Now Paul could not have written like this had the day he had in mind been the sabbath of the Ten Com­mandments. The keeping of any of the Ten Command­ments is not a matter of private judgment. It is not for a man to make up his own mind whether he will obey or not obey. This is true of the fourth as it is of the other nine. The holy day that Paul has in mind in Romans is obviously one that could be freely observed or freely not observed without fault or obligation on either side.


The situations in Rome and Colossae (and Galatia) were very different. In Rome there were those who, not fully understanding all the implications of the gospel for the Jewish ceremonial law, wished to go on observ­ing Jewish festivals, not as a way of earning salvation, but as a means of expressing devotion to Christ. Paul does not forbid them, no doubt expecting that they would in time come to the same mind as their brethren who did not join them — the brethren who are identified as the strong in faith.

In the Roman passage, as in the Colossian one, Paul is not dealing with the place of the Ten Commandments in the life of the Christian. He is not at this point talking about what the Ten Com­mandments require of Chris­tians. He is certainly not excusing any man from the obligations of any one of these commandments. He is talking about the place of the ceremonial law in the life of the Christian. Where Jewish converts in their present state of understand­ing or lack of understanding found a place for certain aspects of the ceremonial law in their devotional life Paul will not forbid them these observances.

But where, as in Colossae and Galatia, it was a matter of these, with other rules, being insisted on for Jew and Gentile for full salvation Paul will have none of it.
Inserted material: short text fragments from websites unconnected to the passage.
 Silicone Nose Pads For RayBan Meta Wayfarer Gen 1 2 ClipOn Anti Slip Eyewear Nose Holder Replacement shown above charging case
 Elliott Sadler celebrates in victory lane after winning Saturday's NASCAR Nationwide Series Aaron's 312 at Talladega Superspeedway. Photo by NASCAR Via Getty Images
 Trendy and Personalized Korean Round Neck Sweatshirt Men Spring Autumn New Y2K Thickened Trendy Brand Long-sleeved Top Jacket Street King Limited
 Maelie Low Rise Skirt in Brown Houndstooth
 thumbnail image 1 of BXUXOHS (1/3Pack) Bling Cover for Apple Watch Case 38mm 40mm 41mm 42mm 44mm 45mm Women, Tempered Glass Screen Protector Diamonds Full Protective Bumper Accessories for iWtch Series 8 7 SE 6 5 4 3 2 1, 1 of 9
Here it is not a matter of expression of devotion to Christ. It is a matter of the only and all sufficient Christ being dishonoured and detracted from and great spiritual changes ensuing. In the Romans passage Paul's reference to the observance of special days cannot be taken as his making a matter of private judgment the Fourth Commandment en­shrined in the Ten Com­mandments with their perpetual obligation. So in the Colossian passage Paul cannot be taken as forbid­ding the observance, or treating as a matter of indifference the keeping of one of the Ten Com­mandments.

Colossians 2:16 with its reference to sabbath or sabbaths does not conflict with our understanding of the perpetual obligation of the principle of the Fourth Commandment. To use this verse as an argument in favour of the dissolution of that principle is to fail to do justice to the various senses in which the word sabbath is used in Scripture; it is to fail to treat the verse in its context and it is to fail to compare Scripture with Scripture.